If someone asked you what the word trivia meant, what would you say? According to the Oxford dictionary trivia is “Details, considerations or pieces of information of little importance or value.”  Whenever I think of trivia I think of game shows, pubs, and boardgames.  Yet recently I have realised that triva can be found in other areas too.

While driving my aged father-in-law home he shared his concerns of life with me.  As I listened, I realised that most of his concerns came from what he heard on the news.  The more he spoke, the more I realised that all the things he was agitated about made little or no difference to his life – he was agitated by trivia.

“Most of our daily news is inert, consisting of information that gives us something to talk about but cannot lead to any meaningful action.”

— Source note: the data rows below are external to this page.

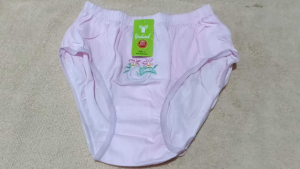 3PCS CELANA DALAM WANITA YUTIND BORDIR CLASSIC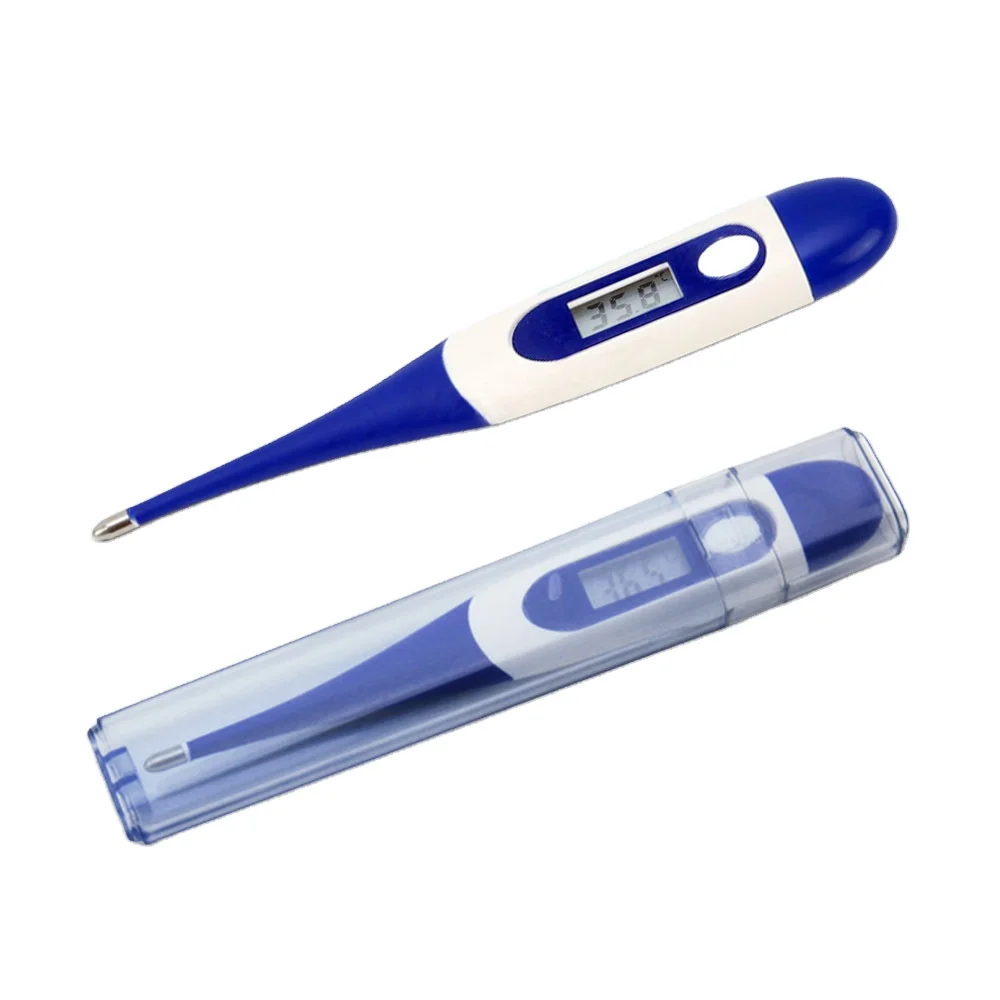 
Rapid Flexible Tip Waterproof Digital Thermometer Digital Clinical Thermometer Price 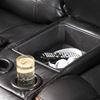 Picture of Camden Black Power Reclining Console Loveseat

Neil Postman, Amusing Ourselves to Death: Public Discourse in the Age of Show Business

Emotion alone does not make a something meaningful or important.  Something becomes trivial to us when it does not effect our time, decisions, money, or relationships.  For example,  this week in the news I read about an IS terrorist stripped of his Australian citizenship, Trump threatening to close the Mexico border, and Chinese schools enforcing school uniforms with built in GPS.  What do I do with this information? If I do nothing with it, it becomes trivia. Yes important truths can become trivial.

The truth of the gospel must never become trivia. Make sure the that the good news of Jesus as Lord effects not only your emotions but your calendar, your budget, your relationships, and your decisions.